As they taught doctors and nurses advanced wound care, they learned how resourceful and resilient those health-care professionals were, caring for devastating injuries with little to no supplies.

One of their patients was a 52-year-old woman who had had battery acid poured over her head. She was being operated on for skin grafts.

“This poor woman — they brought her into the operating room, and we had so little to work with,” Harley remembers. “We had to teach what we could around infection control and other aspects of wound management. It was an experience unlike any I’ve ever had.”

Seeing what other nurses face during situations like that “was so profound,” Harley says. “In Canada, even though there are things that need to be improved, on the whole we have access to things we need when we need them.”

Although she has had to cut back on direct patient care, Harley is encouraged by the work she does to translate knowledge into action, such as helping to launch the first national symposium on wound management. That symposium led to the Canadian Association of Wound Care, now known as Wounds Canada, a non-profit organization devoted to education, research and putting wound care advancements into practice.

Online education offered

She also thoroughly enjoys her involvement in the Wound, Ostomy and Continence Institute, a primarily online initiative that NSWOCC created as an educational program for training specialized wound ostomy and continence nurses, as well as offering a Skin Wellness Associate Nurse Program for practical nurses.

At any one time, there are 150 nurses and paramedics taking the programs and courses, Harley says.

As she juggles her strategic work with health-care organizations, and her education and knowledge translation efforts, Harley safeguards her own health too. An avid cross-country skier and paddler, she enjoys spending time at the cottage with her husband Gordon Faulkner and sees her three grown children whenever she can. She smiles when she says her eldest daughter is a registered nurse specialized in wound, ostomy and continence.

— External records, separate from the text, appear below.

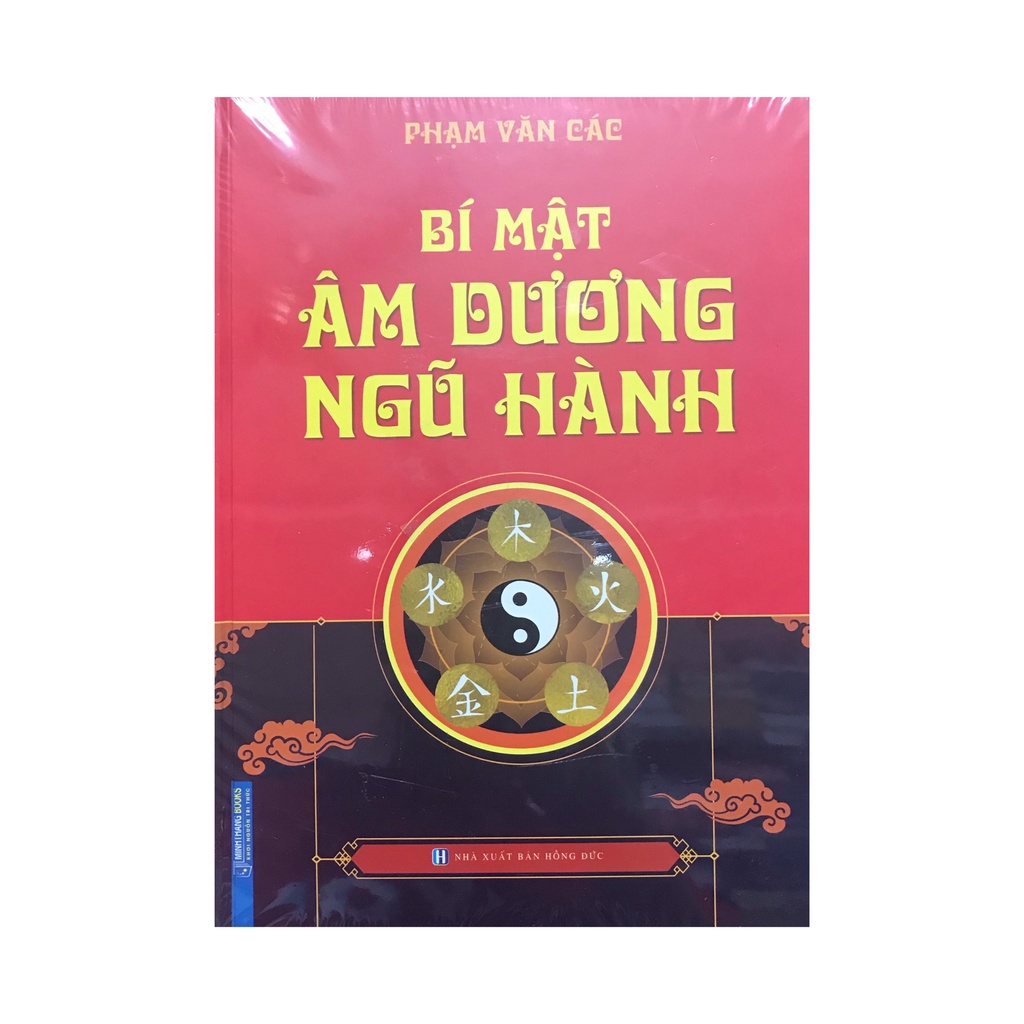 Sách - Bí mật âm dương ngũ hành ( Minh thắng )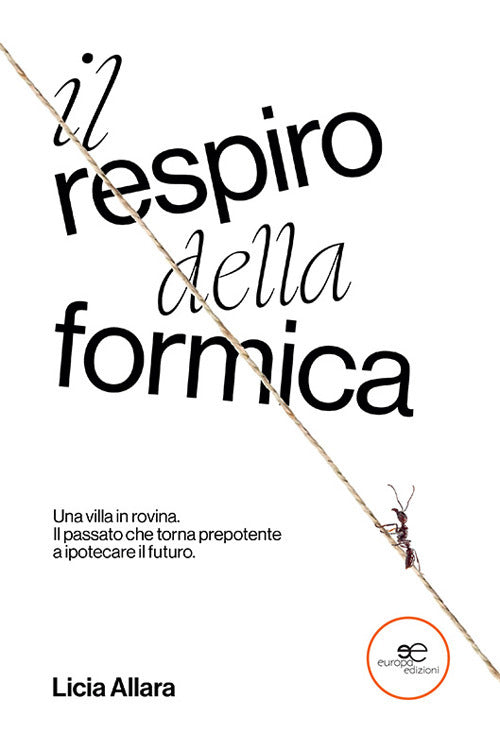 Cover of respiro della formica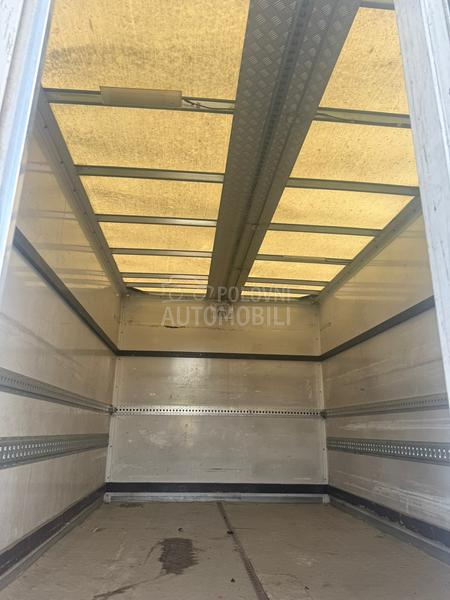 Mercedes Benz Sprinter 516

She’s particularly proud of her efforts to help nurses become more confident by increasing their knowledge in wound, ostomy and continence care. Those skills broaden their career horizons and improve patient care, she says.

“This specialized field of nursing has definitely grown and developed over time,” she says.

Many nurses choosing the specialty today do so because in addition to their clinical work, they can become involved in best practice recommendations and guidelines, policy work and research, she adds.

“That’s what appeals to them — moving from a generalist to more advanced specialist care.”

And when they do become advanced specialists, Harley will be in their corner, advocating for the pay raises and recognition she knows they deserve.


Laura Eggertson is a freelance journalist based in Wolfville, N.S.